C’était l’époque où un film c’était aussi une chanson. Dans les années 30, le cinéma rime avec larmes et chansons dans le monde entier pour conjurer les crises politiques et économiques et la menace de la guerre… Les grands films populaires français, mélodrames et comédies, proposent des chansons à leurs nombreux spectateurs. C’est le cas de Paradis perdu bercé par la mélodie qui porte le même titre que le film, paroles et musique de Roger Fernay et Hans May, chantée par Mémé Bianchi.

Le film débute comme une comédie sentimentale légère. Lors du bal du 14 juillet en 1913 Pierre un artiste fauché fait la cour à Janine une jeune fille qui travaille dans une maison de couture au bord de la ruine. Le hasard les fera se retrouver grâce au monde de la mode dont Pierre deviendra la coqueluche et qui lui apportera fortune et célébrité. Nous sommes dans l’univers de la comédie mondaine et sophistiquée lorsque survient une scène magnifique, l’une des plus belles de l’œuvre de Gance. En voyage de noces dans le midi, au détour d’une conversation le couple qui nage en plein bonheur entend soudain les cloches sonner… La France vient d’entrer en guerre contre l’Allemagne et va séparer les jeunes mariés qui n’auront vécu heureux ensemble que quelques jours. Cette scène rappelle le J’accuse ! réalisé par Gance en 1919, qui montrait aussi les destins individuels brisés par la Première Guerre mondiale. Enclin à l’emphase dans ses pamphlets pacifistes ou des projets visionnaires et messianiques Gance réalise cette scène sans pathos ce qui la rend encore plus bouleversante.
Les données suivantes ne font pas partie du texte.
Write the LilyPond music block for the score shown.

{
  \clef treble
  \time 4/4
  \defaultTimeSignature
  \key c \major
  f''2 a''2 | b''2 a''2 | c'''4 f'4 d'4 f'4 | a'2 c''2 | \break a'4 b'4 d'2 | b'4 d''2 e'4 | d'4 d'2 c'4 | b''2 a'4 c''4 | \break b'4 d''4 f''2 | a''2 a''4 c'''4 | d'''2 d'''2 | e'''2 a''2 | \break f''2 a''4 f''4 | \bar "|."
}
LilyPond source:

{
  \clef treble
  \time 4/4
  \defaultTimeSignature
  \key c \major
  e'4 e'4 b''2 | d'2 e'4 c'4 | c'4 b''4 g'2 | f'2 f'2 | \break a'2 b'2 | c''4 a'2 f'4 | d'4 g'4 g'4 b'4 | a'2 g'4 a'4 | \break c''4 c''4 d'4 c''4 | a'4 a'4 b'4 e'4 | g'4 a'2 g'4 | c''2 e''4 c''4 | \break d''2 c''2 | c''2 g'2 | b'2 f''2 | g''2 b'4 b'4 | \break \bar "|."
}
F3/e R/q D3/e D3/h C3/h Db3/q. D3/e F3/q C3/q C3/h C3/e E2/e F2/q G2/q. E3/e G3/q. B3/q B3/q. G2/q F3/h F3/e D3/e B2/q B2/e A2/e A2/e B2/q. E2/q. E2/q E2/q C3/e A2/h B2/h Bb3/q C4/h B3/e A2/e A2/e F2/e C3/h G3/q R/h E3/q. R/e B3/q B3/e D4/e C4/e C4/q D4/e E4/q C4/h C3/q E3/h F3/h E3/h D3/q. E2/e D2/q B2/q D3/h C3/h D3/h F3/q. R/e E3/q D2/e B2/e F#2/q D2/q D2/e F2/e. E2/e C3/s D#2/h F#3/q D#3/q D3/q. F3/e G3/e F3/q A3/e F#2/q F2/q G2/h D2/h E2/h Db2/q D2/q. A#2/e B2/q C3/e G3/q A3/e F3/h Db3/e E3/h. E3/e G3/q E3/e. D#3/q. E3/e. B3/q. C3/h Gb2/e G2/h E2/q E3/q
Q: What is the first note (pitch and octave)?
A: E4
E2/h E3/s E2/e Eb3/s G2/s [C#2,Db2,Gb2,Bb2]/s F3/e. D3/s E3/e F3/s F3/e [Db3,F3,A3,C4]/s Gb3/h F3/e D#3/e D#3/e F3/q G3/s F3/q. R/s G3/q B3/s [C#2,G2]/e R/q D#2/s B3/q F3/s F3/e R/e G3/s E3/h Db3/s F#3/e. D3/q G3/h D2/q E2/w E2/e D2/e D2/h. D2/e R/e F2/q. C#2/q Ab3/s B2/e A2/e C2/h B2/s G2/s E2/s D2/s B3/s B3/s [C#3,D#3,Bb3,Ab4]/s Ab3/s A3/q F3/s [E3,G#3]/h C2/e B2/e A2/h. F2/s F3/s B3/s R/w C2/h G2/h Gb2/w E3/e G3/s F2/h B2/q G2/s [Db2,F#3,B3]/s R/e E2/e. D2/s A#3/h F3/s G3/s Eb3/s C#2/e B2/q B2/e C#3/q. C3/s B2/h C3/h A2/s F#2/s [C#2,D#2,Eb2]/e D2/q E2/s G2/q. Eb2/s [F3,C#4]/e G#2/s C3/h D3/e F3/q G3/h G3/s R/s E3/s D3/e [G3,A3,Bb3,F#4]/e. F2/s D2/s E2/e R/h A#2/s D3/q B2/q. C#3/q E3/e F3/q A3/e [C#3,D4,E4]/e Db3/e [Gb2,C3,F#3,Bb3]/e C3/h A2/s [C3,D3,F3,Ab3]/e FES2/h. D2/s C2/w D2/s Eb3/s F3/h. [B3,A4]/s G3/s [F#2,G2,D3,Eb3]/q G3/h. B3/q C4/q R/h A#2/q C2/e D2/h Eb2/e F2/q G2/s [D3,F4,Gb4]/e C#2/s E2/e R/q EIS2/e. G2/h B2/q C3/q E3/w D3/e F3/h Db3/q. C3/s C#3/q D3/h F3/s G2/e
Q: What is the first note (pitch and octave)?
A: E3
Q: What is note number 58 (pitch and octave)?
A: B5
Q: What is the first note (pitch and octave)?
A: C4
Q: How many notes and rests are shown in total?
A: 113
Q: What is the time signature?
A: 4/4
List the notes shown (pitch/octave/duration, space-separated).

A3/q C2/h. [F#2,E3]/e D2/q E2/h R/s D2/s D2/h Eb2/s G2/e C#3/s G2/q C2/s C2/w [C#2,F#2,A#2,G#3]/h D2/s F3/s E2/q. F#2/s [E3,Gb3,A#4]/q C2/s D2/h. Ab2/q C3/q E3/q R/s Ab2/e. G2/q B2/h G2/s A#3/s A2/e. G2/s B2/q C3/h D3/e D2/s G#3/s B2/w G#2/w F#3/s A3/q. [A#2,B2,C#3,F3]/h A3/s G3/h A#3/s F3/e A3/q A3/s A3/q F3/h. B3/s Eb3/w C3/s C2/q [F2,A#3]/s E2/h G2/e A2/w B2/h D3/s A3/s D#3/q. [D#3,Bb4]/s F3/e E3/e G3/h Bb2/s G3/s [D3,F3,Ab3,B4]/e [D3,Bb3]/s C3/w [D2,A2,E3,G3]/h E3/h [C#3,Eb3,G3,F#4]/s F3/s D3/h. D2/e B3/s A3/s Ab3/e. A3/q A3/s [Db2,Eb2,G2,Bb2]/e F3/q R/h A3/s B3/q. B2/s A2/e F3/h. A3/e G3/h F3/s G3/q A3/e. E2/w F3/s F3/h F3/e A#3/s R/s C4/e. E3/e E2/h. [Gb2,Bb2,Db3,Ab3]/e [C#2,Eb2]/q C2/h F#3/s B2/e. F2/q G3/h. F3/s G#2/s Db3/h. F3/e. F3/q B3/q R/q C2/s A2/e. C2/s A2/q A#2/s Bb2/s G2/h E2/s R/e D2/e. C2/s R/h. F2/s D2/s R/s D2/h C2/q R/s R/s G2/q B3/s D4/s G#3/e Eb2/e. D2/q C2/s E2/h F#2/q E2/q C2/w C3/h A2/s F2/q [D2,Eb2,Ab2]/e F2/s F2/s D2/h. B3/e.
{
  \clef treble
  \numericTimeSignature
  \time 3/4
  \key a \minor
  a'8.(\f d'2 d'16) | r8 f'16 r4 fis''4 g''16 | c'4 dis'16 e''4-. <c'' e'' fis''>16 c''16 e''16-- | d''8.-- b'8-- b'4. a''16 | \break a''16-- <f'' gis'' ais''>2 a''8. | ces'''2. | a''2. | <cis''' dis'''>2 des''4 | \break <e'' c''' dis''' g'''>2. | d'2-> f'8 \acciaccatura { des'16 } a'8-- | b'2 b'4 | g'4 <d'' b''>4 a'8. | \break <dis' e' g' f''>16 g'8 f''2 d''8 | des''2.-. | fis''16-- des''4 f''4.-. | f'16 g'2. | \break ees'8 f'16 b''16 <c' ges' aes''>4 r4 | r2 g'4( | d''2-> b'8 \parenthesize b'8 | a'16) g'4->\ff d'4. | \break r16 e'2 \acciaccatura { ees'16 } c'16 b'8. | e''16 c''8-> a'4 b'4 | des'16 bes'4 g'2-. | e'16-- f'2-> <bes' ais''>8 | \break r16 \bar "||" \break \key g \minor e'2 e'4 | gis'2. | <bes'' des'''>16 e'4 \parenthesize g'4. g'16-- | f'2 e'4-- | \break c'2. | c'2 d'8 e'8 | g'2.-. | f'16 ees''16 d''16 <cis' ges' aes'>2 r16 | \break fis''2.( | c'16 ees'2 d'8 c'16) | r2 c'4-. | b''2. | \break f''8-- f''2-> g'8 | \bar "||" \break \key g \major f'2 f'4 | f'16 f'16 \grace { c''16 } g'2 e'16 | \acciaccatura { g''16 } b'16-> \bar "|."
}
La suite du film bascule dans le mélodrame lyrique et torturé. Pierre apprend au front – autre scène splendide – que Janine est décédé en donnant le jour à leur fille. Cruelle ironie du destin la mort ne frappe pas le soldat dans les tranchées mais sa femme qu’il brûlait de retrouver après la guerre.

Pierre retourne à la vie civile, désespéré par la perte de l’amour de sa vie, ne veut pas voir sa fille et cherche en vain son paradis perdu. François Truffaut a raconté que Paradis perdu était son premier grand souvenir de spectateur. Il a avait découvert enfant le film dans une salle de cinéma où tout le monde sanglotait, tandis que le pays était occupé par les Allemands. Le paradis perdu du film (une femme morte) c’était pour le public de 1940 la paix et la liberté. Le culte morbide que voue Pierre à sa jeune épouse décédée – il a consacré un musée de leur brève histoire d’amour dans son bureau – nourrira sans doute La Chambre verte bien des années plus tard.

Immense succès commercial dans une période troublée où le cinéma était un refuge pour rêver et pleurer, Paradis perdu était méprisé par Gance qui le considérait comme une simple commande acceptée pour vivre, tandis qu’il n’arrivait pas à monter une production ambitieuse sur Christophe Colomb.

Pourtant parmi les plus beaux films de Gance il y a ses mélodrames des années 30 et 40, réalisés au sein du système commercial français. Gance ne s’y renie pas, capable d’insuffler des idées personnelles à des scénarios de films populaires beaucoup moins mégalomanes que ses propres projets. C’est le cas de Paradis perdu, inégal et imparfait mais très émouvant. Le film bénéficie de l’interprétation remarquable de Fernand Gravey dans le rôle de Pierre. C’est aussi le premier film en vedette de Micheline Presle, 17 ans à l’époque du tournage, qui joue à la fois Janine et sa fille Jeannette à l’âge adulte, cette double identité renforçant la dimension obsessionnelle de ce film sur l’amour absolu pour une seule femme.